*Aim of the exercise*
Transcribe the stretch of entries below from the line with "Un lit avec" through the line with "an elegant living", exactly and with both ends included; leave out all other lines.

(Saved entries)
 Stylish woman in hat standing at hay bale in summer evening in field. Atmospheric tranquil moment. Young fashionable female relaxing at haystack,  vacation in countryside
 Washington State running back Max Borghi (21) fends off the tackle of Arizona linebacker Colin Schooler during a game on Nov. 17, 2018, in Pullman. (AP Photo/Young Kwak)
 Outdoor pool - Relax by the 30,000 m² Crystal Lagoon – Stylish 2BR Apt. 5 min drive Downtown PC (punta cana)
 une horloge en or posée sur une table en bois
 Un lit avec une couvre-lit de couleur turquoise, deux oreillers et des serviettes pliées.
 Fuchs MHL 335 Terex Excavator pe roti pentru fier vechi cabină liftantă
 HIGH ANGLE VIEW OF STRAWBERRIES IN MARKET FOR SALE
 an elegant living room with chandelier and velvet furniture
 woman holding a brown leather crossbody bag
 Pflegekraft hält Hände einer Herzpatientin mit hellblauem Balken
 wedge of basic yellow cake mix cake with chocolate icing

*Output*
 Un lit avec une couvre-lit de couleur turquoise, deux oreillers et des serviettes pliées.
 Fuchs MHL 335 Terex Excavator pe roti pentru fier vechi cabină liftantă
 HIGH ANGLE VIEW OF STRAWBERRIES IN MARKET FOR SALE
 an elegant living room with chandelier and velvet furniture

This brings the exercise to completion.